→ Information provided

= = = = = = =

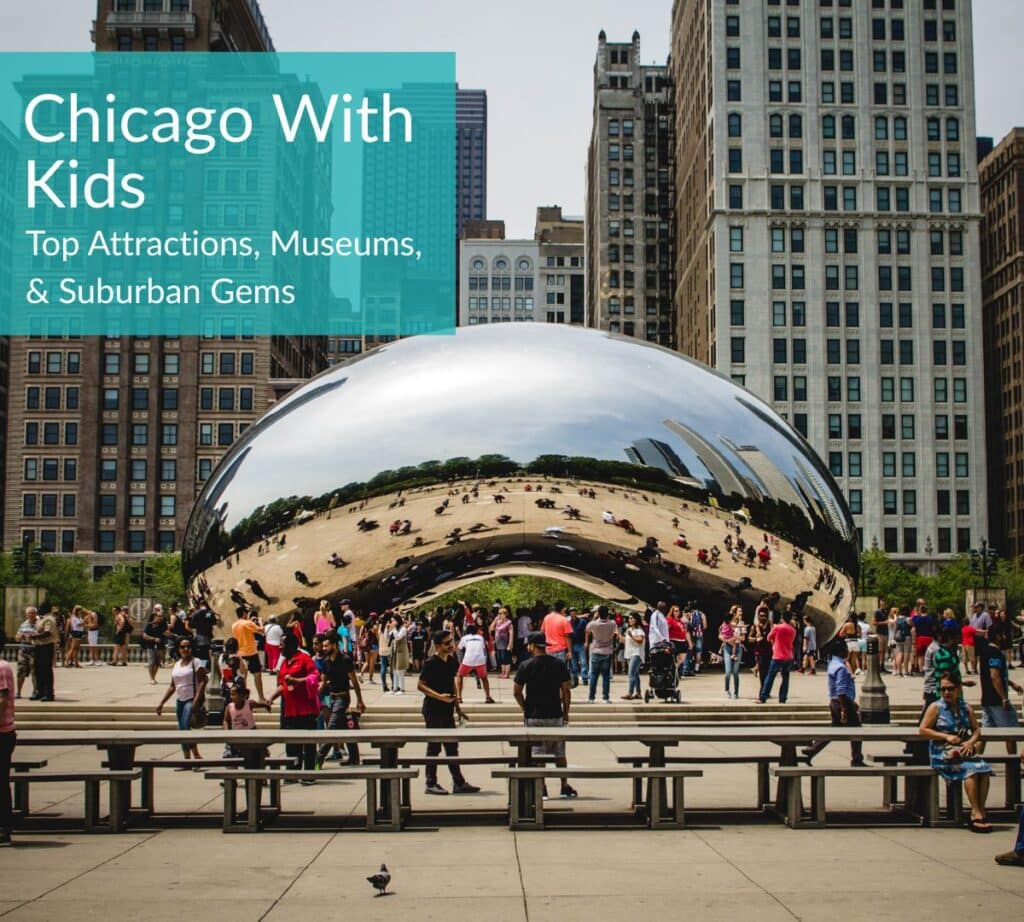 Families and kids gather around Cloud Gate (The Bean) in Millennium Park, with downtown Chicago buildings in the background — featured image for a blog post about things to do in Chicago with kids.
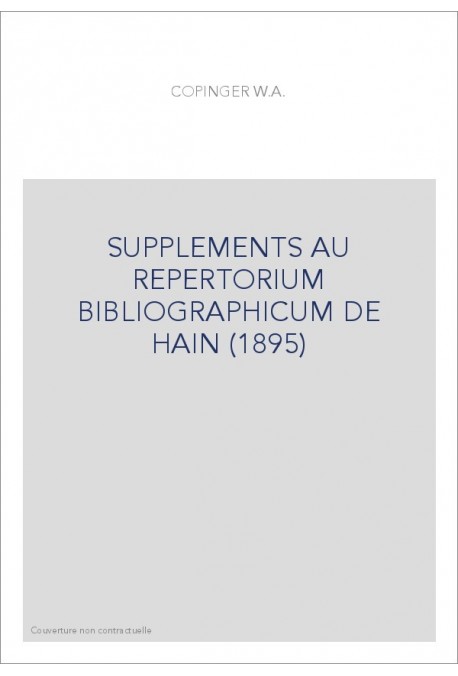 SUPPLEMENTS AU REPERTORIUM BIBLIOGRAPHICUM DE HAIN (1895)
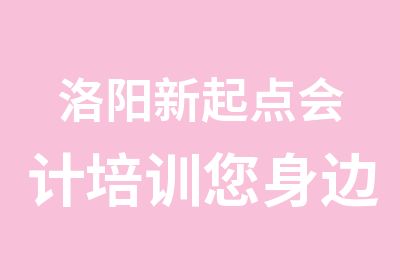 洛阳新起点会计培训您身边的财务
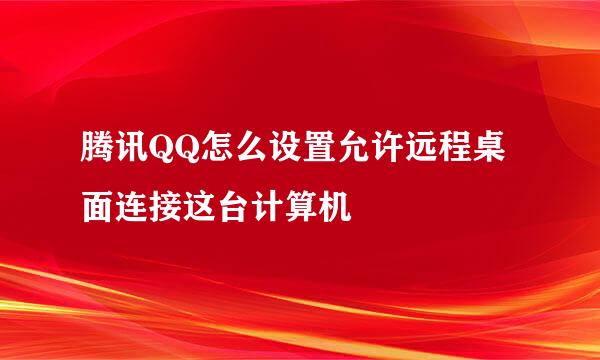 腾讯QQ怎么设置允许远程桌面连接这台计算机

= = = = = = =

→ Activity
Aside from the pictures, repeat the listing exactly.

→ Answer to this task
 Families and kids gather around Cloud Gate (The Bean) in Millennium Park, with downtown Chicago buildings in the background — featured image for a blog post about things to do in Chicago with kids.
 SUPPLEMENTS AU REPERTORIUM BIBLIOGRAPHICUM DE HAIN (1895)
 洛阳新起点会计培训您身边的财务
 腾讯QQ怎么设置允许远程桌面连接这台计算机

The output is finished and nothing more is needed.